Friday, December 29, 2006

the advanced stages of geekdom

my third trip to the star wars exhibit at omsi was hands down the most magical. peter and i were able to: wait in line for 30 minutes, get freaked out by a "live" stormtrooper, have photo ops with darth vader, yoda, and RD-D2 and C3PO, resist the allure of $30 action figures in the gift shop, leave omsi for breakfast and return 2 hours later, peek into the millenium falcon ride that was once again sold out, and ride a shuttle to omsi from 12 blocks away, all in the course of a morning that spilled into an afternoon.

truly, this was a beautiful day.

Thursday, December 21, 2006

little phatty!

little phatty!
Originally uploaded by kazuhank.
i guess Santa comes to my house a little early. not only did he forgo the formalities of flying a sled and wearing a red hat and suit, he also arrived driving a FedEx Ground truck.

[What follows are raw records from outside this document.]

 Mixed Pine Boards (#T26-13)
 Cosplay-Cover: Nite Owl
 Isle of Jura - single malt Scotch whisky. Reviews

I'll take Santa any way he comes as long as he comes bearing a little phatty.

if you've read the last few posts, you know that i've been geeking out (literally and figuratively) for this thing to arrive. even Hank could tell that something special had arrived. as i unpacked the box, he jumped up onto one of the dining room chairs to get a better view of the thing that will be pulling most of my free time attention away from him.

i'm letting the LP acclimate to my house (the manual addendum recommends allowing the board to warm up before firing things up) as i type, so i am jonesing to turn things on and watch the blue lights dance. so if i fail to answer my cell phone or come out of the house the rest of the week, i hope you can understand.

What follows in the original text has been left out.